Apple has vigorously denied an explosive report from Bloomberg Businessweek claiming that Chinese spies infiltrated its supply chain and placed ‘spy’ chips in iCloud servers.
According to the report, Apple and Amazon found surveillance chips from China in their server hardware, which was provided by Super Micro located in the country. Upon the discovery, Amazon reportedly alerted U.S. authorities, which sent "a shudder through the intelligence community," Bloomberg wrote.
Bloomberg said the chips were installed during the manufacturing process, with U.S. officials reportedly calling it "the most significant supply chain attack known to have been carried out against American companies."

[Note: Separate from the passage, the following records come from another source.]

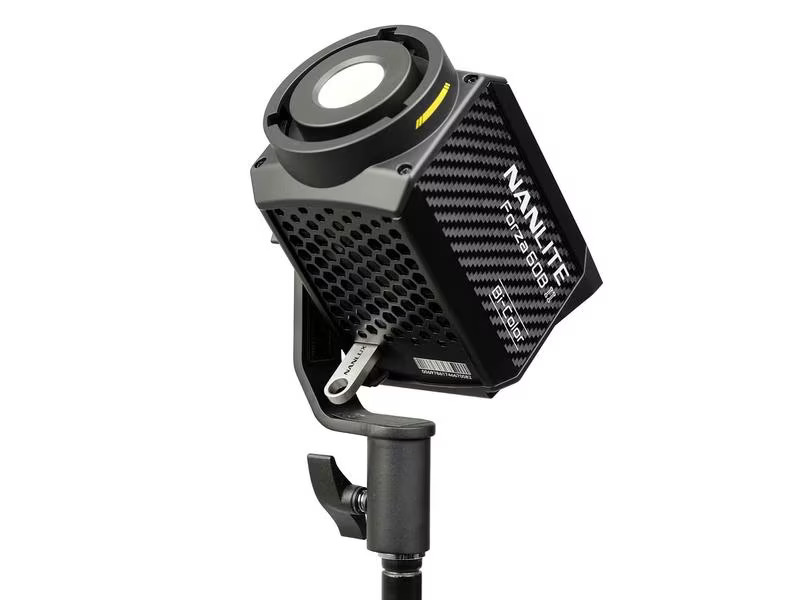 Nanlite Dauerlicht Forza 60B II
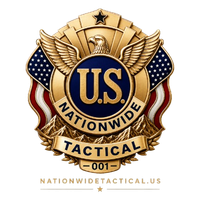 Nationwide Tactical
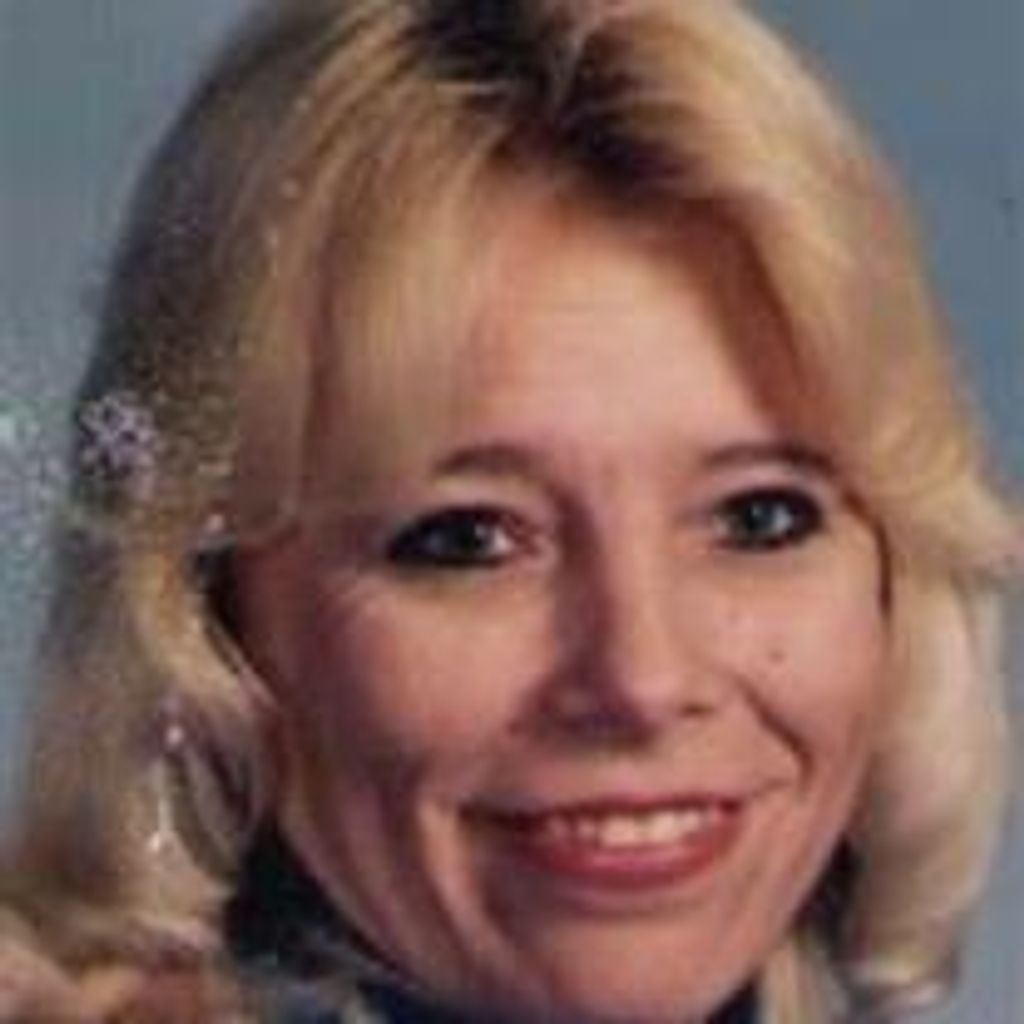 Christina Gann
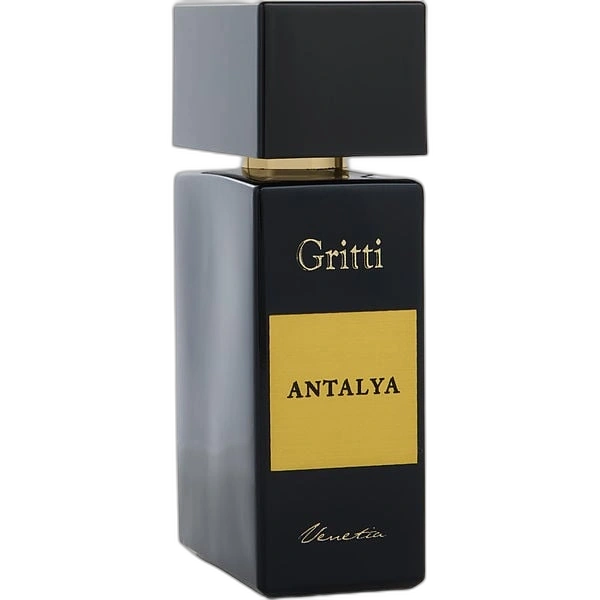 Gritti Antalya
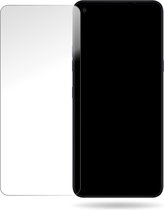 Mobilize Screenprotector geschikt voor LG K51s Glazen | Mobilize Screenprotector - Case Friendly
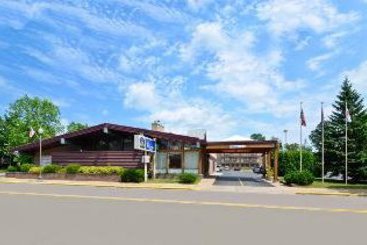 Hotel Days Inn & Suites Rhinelander  | Rhinelander | Wisconsin | United States 1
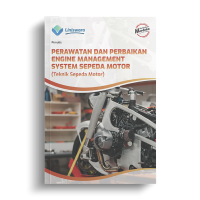 Perawatan dan Perbaikan Engine Sepeda Motor (Teknik Sepeda Motor)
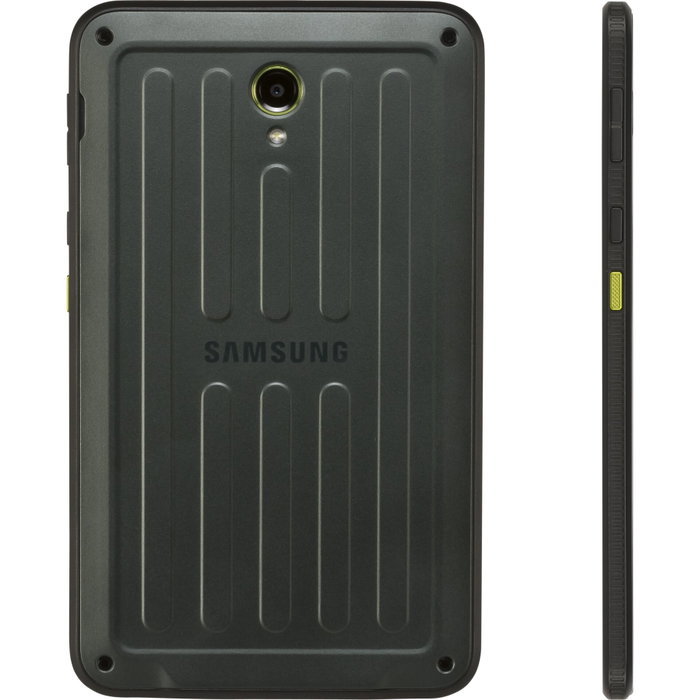 Samsung Galaxy Tab Active5 Wi-Fi, 128 GB, 6 GB RAM, 8 pulg, Verde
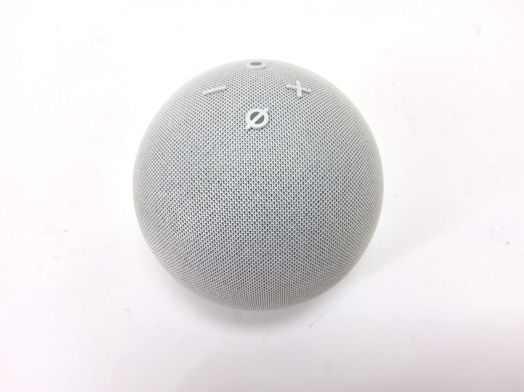 asistente inteligente amazon echo dot (5 generacion)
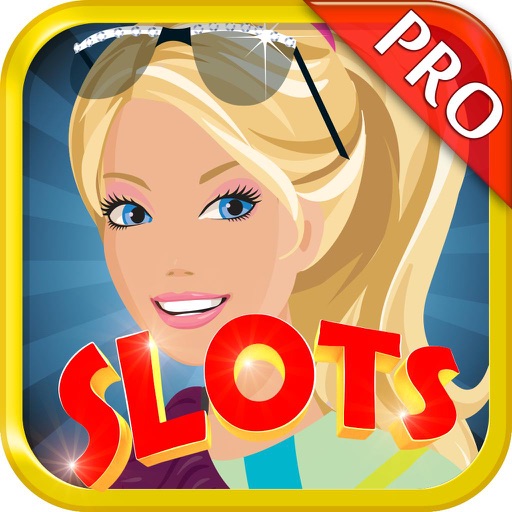 Summer Surfer on a Beach Vacation Slots Pro icon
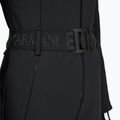 Комбінезон гірськолижний жіночий EA7 Emporio Armani Ski Kitzbuhel Softshell black 3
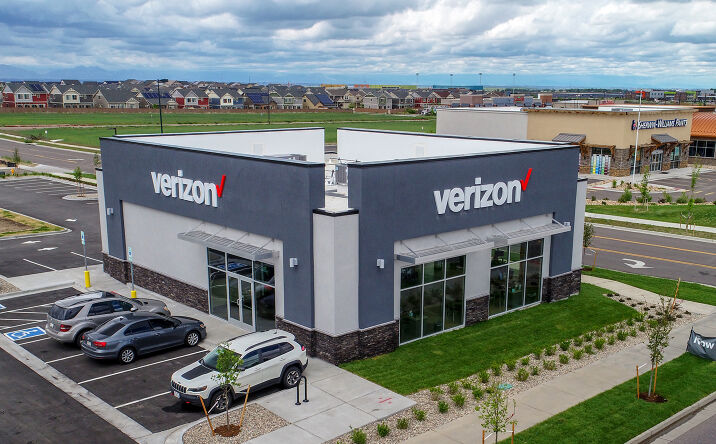 Pictures of Retail property located at 4595 Tower Rd, Denver, CO 80249 for comps - image #1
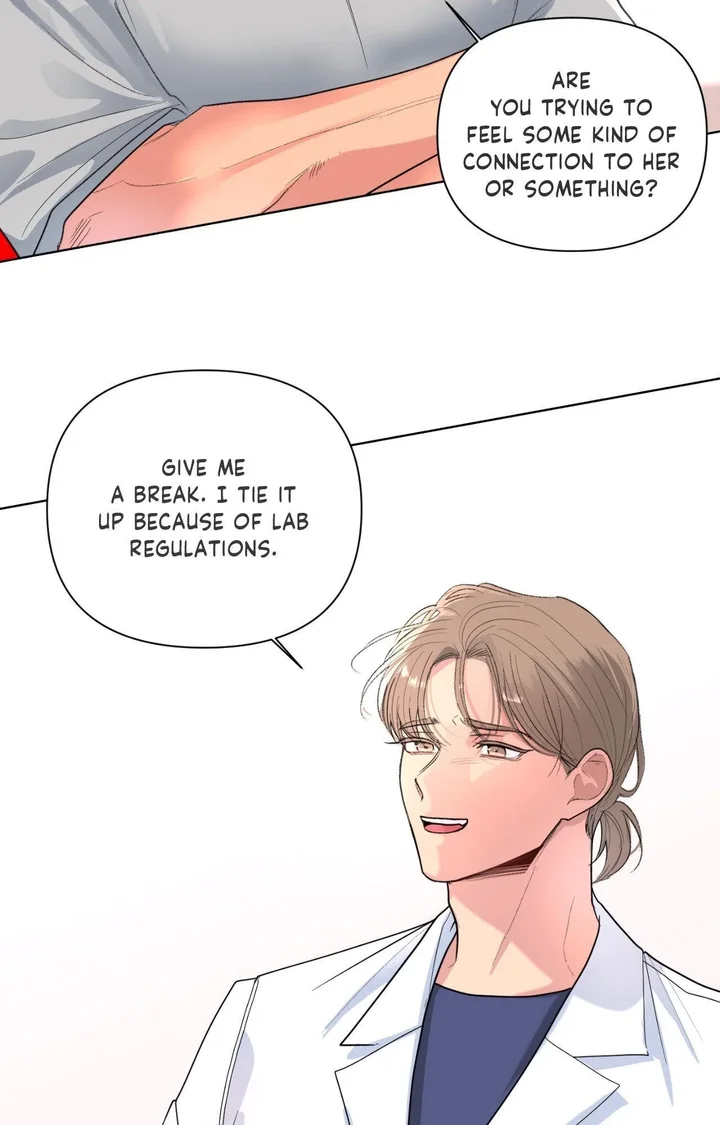The Nerd Formula (Uncensored) - Chapter 29 Page 62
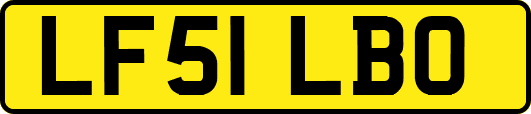 LF51LBO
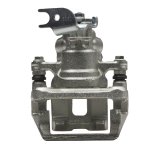 DFC 08-14 Acura TSX Rear-L Premium Caliper - Silver Zinc Coated thumbnail 3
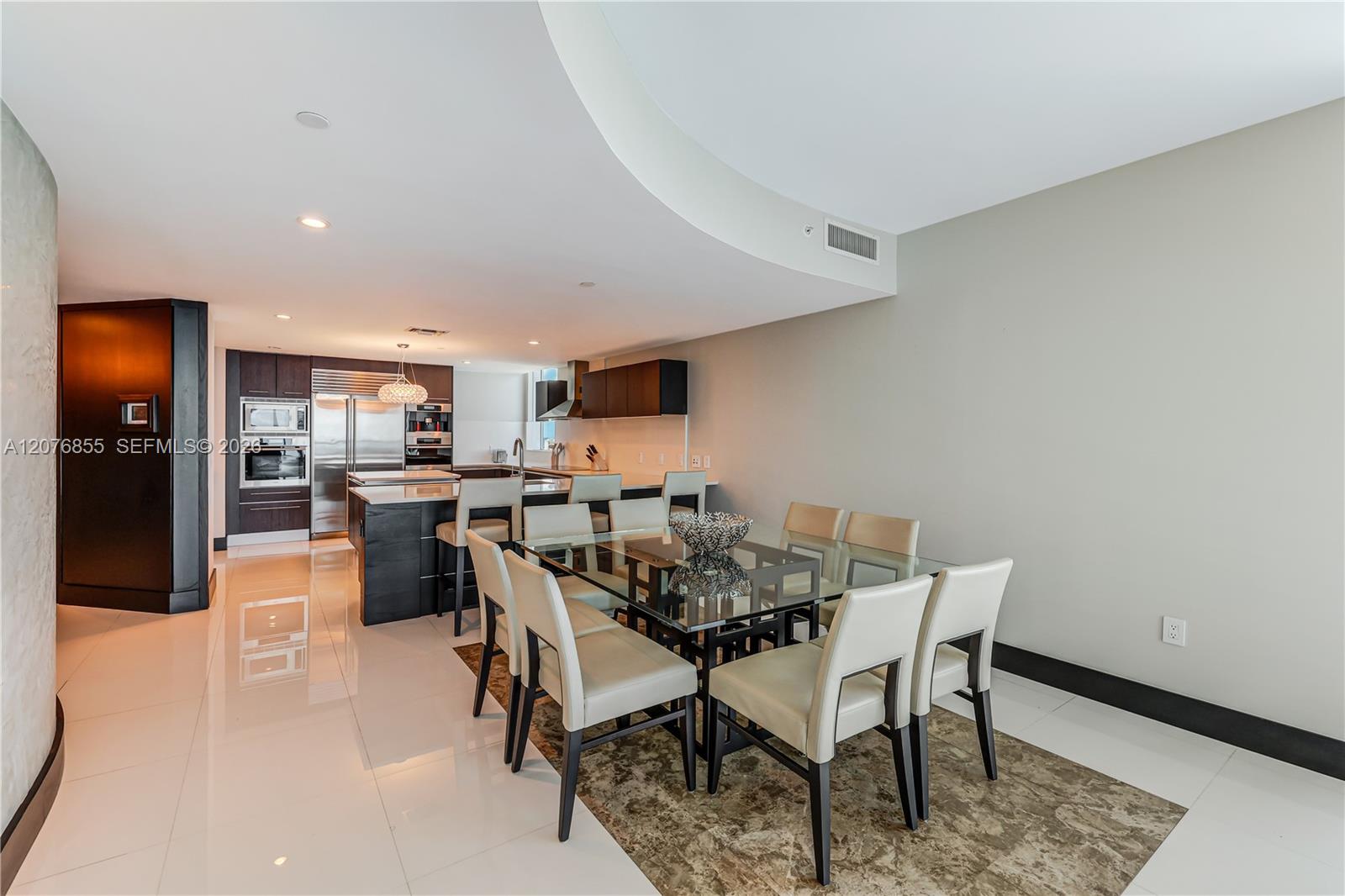 17001 Collins Ave # 2508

In a statement to Bloomberg Businessweek that was also provided to Fox News, Apple said that Bloomberg's reporting is "inaccurate" and the sources in the story might be "wrong or misinformed." The lengthy statement can be found here (published separately from the original report), along with statements from Amazon, Super Micro and China’s Ministry of Foreign Affairs, which are also named in the story.
According to Bloomberg, the goal of the hack was not to gain consumer data, but rather to have "long-term access to high-value corporate secrets and sensitive government networks." The outlet noted that the investigation is still ongoing, three years after the initial discovery.
A source familiar with the CIA's inner workings told Fox Business' Hillary Vaughn that they doubted China was able to get a chip to "infiltrate" U.S. intelligence agencies.
The source also said they are "sure that the Chinese did in fact did do this to certain manufacturers...Whether not the specific servers purchased by that agency had that chip in the motherboard - that’s up in the air."
In addition to Apple and Amazon, almost 30 companies were affected by the breach, including a major bank and government contractors.
Apple ended its relationship with Super Micro in 2016, for what it called unrelated reasons. In a statement to CNBC, Apple said it found a single infected driver on one Super Micro server in a lab, calling it a one-time event.
Apple shares were lower by 1 percent in early Thursday trade, last trading at $229.62.